Among my father’s last sporting pleasures was the 2005 University of Illinois basketball team. Nearing the end of his battle with Chronic Obstructive Pulmonary Disease (COPD), he reveled in how well the Illini played together.
He tuned in at every opportunity during Illinois’ run to the national championship game. There’s not a lot to smile about when you’re hooked up to oxygen 24 hours a day. The unselfishness of Deron Williams, Dee Brown, Luther Head, et al, made it happen.

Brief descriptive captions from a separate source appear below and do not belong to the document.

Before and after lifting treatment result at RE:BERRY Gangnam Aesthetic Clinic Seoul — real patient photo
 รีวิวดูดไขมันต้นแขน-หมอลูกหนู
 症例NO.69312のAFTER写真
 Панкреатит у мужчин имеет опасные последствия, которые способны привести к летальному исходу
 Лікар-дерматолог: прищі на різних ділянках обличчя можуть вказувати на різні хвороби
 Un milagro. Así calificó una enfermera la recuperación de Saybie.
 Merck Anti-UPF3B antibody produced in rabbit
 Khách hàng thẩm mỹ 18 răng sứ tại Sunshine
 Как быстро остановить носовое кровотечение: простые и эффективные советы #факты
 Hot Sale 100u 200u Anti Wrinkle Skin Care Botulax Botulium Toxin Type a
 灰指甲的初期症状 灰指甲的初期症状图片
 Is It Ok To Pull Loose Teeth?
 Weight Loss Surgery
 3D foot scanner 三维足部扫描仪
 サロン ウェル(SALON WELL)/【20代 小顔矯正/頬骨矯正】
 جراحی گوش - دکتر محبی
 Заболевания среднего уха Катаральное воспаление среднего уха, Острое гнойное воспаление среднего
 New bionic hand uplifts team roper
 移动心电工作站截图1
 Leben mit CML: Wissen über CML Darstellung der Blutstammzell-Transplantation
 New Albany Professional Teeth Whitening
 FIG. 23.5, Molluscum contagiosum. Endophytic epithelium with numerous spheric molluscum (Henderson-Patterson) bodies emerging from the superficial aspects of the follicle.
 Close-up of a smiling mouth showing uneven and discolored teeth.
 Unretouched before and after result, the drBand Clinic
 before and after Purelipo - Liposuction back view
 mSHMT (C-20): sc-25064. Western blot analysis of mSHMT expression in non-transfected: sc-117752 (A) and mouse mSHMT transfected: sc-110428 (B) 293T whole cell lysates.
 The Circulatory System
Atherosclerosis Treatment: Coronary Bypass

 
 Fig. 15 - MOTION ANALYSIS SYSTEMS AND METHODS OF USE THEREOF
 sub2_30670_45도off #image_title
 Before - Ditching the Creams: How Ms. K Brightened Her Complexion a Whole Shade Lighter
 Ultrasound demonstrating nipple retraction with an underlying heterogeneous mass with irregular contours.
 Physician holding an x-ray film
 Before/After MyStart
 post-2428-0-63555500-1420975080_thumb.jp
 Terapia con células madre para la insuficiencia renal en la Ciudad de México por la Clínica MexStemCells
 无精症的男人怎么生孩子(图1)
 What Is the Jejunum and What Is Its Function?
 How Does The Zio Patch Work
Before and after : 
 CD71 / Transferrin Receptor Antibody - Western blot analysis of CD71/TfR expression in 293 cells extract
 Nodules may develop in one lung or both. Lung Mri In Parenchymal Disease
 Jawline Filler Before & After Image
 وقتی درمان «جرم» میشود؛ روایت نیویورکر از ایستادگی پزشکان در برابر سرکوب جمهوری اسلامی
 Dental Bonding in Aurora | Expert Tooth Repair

With five starters averaging between 10.1 and 15.9 points a game, those all-for-one Illini provided therapy no doctor could prescribe. For that, they will always hold a special place.
My dad died seven months after Illinois’ 75-70 loss to North Carolina in the NCAA title game. He was 91, and in all of those years, never saw a group that epitomized “team” more than that one. He told me so one lazy Sunday afternoon, not long after The Final Four in St. Louis.
His words rushed back this past weekend, slicing through the cheers and boos and blaring bands of the Missouri Valley Conference Tournament. There was irony in the locale … downtown St. Louis. Yet, it was a team that put his voice in my ear.
On a weekend for moving clocks ahead, mine slid back to 2005.
Wichita State is Dad’s Illini in black and gold. The Shockers look for each other, play for each other, put team ahead of self. A lot of coaches and players give lip service to that, insisting it is “who we are.” Few have the video and stat sheet to back it up.
Wichita State is 34-0 because head coach Gregg Marshall – like him or loathe him – has convinced his players no other numbers matter. Apparently, it did not take much arm-twisting, which is good fortune, good recruiting or both.
“For me, that’s just how I was raised … to be an unselfish individual,” said sophomore guard Ron Baker, shortly after Friday’s quarterfinal win over Evansville. “When I got here, that’s what we’re all about. I don’t know if that’s luck or destiny, whatever you want to call it.”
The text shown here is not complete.